Chuseok, Korea’s version of the American Thanksgiving, is this Saturday. Along with the Lunar New Year, it’s one of the biggest holidays of the year.
It’s deeply rooted in tradition, which makes it a really interesting holiday to an outsider. I love to ask my students about it. Instead of my typical “What did you do last weekend–I’ll give one point to each team that answers” I have now been asking, “What will you do for Chuseok; I’ll give one point to each team that answers.” (Seriously. Points to Korean kids are like crack to a junkie…just one more!!)
It’s a holiday where the beautiful saleswomen usually adorned in mini skirts and go-go boots at the big supermarket don beautiful Korean traditional dresses and sell plastic-wrapped gift sets of Spam, apples, and teas.
It’s a holiday where extended families come together, usually in the countryside of Korea, where most people still have roots. Young people these days live in the cities. But many grandparents still live in rural farming areas.
The children and any new brides dress in hanbok, traditional Korean dress. And families take trips to their ancestors’ burial sites, silent moss-covered mounds that arise like lumps from hidden hillsides, where families bow to their ancestors and bring gifts of rice and food and the occasional bottle of soju.
But for women, it is considered a “Labor Day,” as one young Korean wrote in my newsletter for foreigners, “Get in Gwangju.”
As a child, Chuseok always made me excited. Everything in Chuseok was enjoyable to me from sweet, half-moon shaped rice cake, ‘Songpyeon’ to games we family members played together. But mom told me, “Things will not be the same as now when you grow up”. I never understood what it meant, but now I do because I’m no longer waiting for Chuseok. I’m not that child who used to count days before Chuseok….
For many Korean women, the holiday is not about finding some time off, but about tiring themselves for others. Chuseok ,as one of the biggest national holidays, is not the exception. There are tons of things to do for women like preparing food for ancestral services, making tables for family and guests, doing dishes and cleaning rooms. Everything seems to be their duty. They’re doing chores nearly around the clock, because it was a Korean custom that males are not responsible for house chores. We even have a word ‘Chuseok syndrome’ for women who suffer from muscle pain after a hardwork(!).

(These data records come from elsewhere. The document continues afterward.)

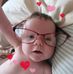 Amanda Lynn Shubert - Facebook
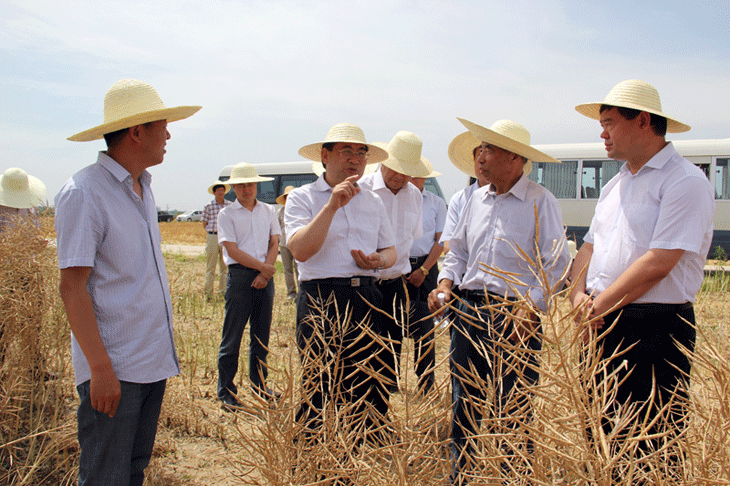 1459414622956073.gif 1.gif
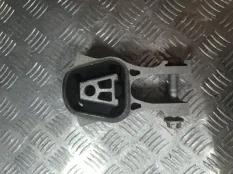 Опора КПП Chery arrizo8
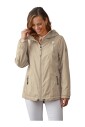 veste-ajustee-moderne-avec-capuche-et-cordon-de-serrage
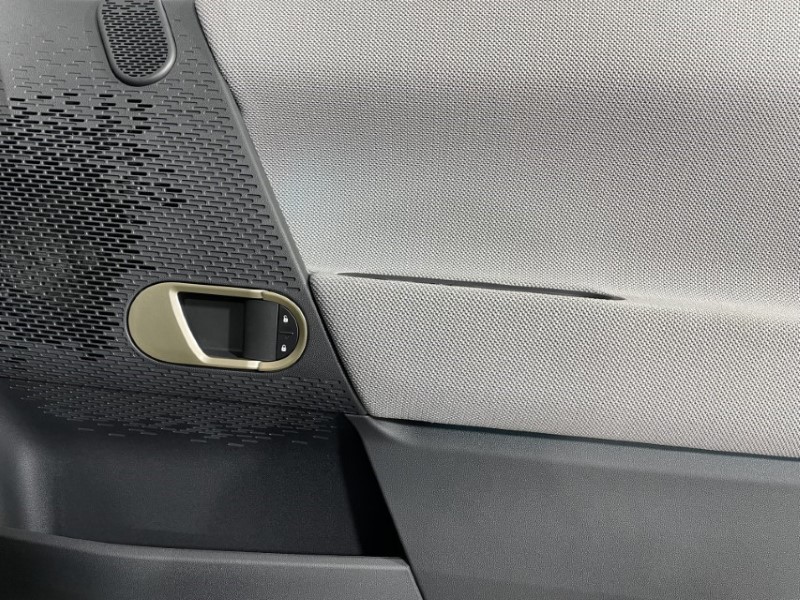  MINI COOPER 160kW SE Exclusive 54kWh 3dr Auto 3379567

Things changed a lot but Korea is a place where legacy still lives. Many think the same way as in the past, especially the elderly and men do. With certainty, Chuseok is a meaningful family reunion for Koreans. However, on women’s side, I’m not sure it is. Looking around me, I’m not the only one who’s not welcoming Chuseok with all my heart.
Luckily for me, I am not a Korean woman. Even luckier, I’m married to Whit. So we–the object of envy to our co-workers as they have told us time and time again–are heading to the second highest mountain in South Korea, Mount Jiri, for a weekend of hiking and camping with our friends, Rik and Sam.